Страница 102 из 112
— Эй, жена, скорей сюда, держи ослицу вот так. Проклятая тварь!
— Но смогу ли я сдержать? — молвила старуха, хватаясь бессильными руками за длинные замшевые уши.
— Смотри не отпускай! А я попробую отогнать. Но где же их хозяева? Почему не удерживают? Эй, жамиат[12] куда же вы смотрите?! — кричал Хужа-Али, хоть и понимал, что вряд ли кому удастся удержать ошалевших от страсти тварей.
Ишаки набежали и закружились возле ослицы, не обращая внимания на пинки, удары и гневные крики старика.

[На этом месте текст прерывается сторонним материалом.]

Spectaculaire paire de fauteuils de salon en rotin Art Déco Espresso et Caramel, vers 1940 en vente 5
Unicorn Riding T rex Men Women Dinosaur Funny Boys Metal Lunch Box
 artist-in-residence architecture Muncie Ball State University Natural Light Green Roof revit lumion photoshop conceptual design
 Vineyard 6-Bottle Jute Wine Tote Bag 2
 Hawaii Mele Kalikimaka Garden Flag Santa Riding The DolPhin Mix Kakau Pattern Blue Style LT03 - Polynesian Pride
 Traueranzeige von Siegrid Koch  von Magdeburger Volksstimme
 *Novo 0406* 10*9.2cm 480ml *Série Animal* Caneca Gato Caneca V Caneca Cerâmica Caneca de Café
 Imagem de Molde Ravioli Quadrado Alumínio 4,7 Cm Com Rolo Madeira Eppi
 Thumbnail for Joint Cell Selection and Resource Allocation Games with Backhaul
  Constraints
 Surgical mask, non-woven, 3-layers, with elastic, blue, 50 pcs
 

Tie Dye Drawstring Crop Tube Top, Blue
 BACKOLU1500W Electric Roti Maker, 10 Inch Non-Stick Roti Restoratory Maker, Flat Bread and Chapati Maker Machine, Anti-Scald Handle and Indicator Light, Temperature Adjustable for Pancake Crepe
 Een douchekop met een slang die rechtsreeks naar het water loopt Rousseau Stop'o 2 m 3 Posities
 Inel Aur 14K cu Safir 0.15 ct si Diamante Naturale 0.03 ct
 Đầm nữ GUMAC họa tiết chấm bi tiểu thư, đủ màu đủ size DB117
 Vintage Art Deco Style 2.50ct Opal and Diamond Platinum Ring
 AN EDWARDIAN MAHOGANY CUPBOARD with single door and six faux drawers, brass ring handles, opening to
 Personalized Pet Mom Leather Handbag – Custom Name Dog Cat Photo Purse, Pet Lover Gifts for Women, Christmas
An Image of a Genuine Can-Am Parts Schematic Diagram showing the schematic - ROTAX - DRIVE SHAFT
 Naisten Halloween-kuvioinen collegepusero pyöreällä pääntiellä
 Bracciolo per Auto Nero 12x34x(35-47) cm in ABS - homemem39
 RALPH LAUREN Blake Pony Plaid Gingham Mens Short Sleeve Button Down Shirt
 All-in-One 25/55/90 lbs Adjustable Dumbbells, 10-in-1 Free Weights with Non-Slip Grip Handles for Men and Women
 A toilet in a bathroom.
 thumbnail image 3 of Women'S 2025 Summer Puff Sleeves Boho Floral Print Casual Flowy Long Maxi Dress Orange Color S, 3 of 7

Неожиданно ослица лягнула что есть сил и отбросила Хужа-Али в сторону. Старик упал ничком. А когда поднялся, было уже поздно… Дрожа от ярости, Хужа-Али обернулся и крикнул жене:
— Эй, женщина, бесстыжая, закрой платком лицо и глаза!
— Кому? — не поняла старуха.
— Себе, дура!
— А что делать с ослицей? Отпустить уши? — Старуха все еще цепко хваталась за уши ослицы.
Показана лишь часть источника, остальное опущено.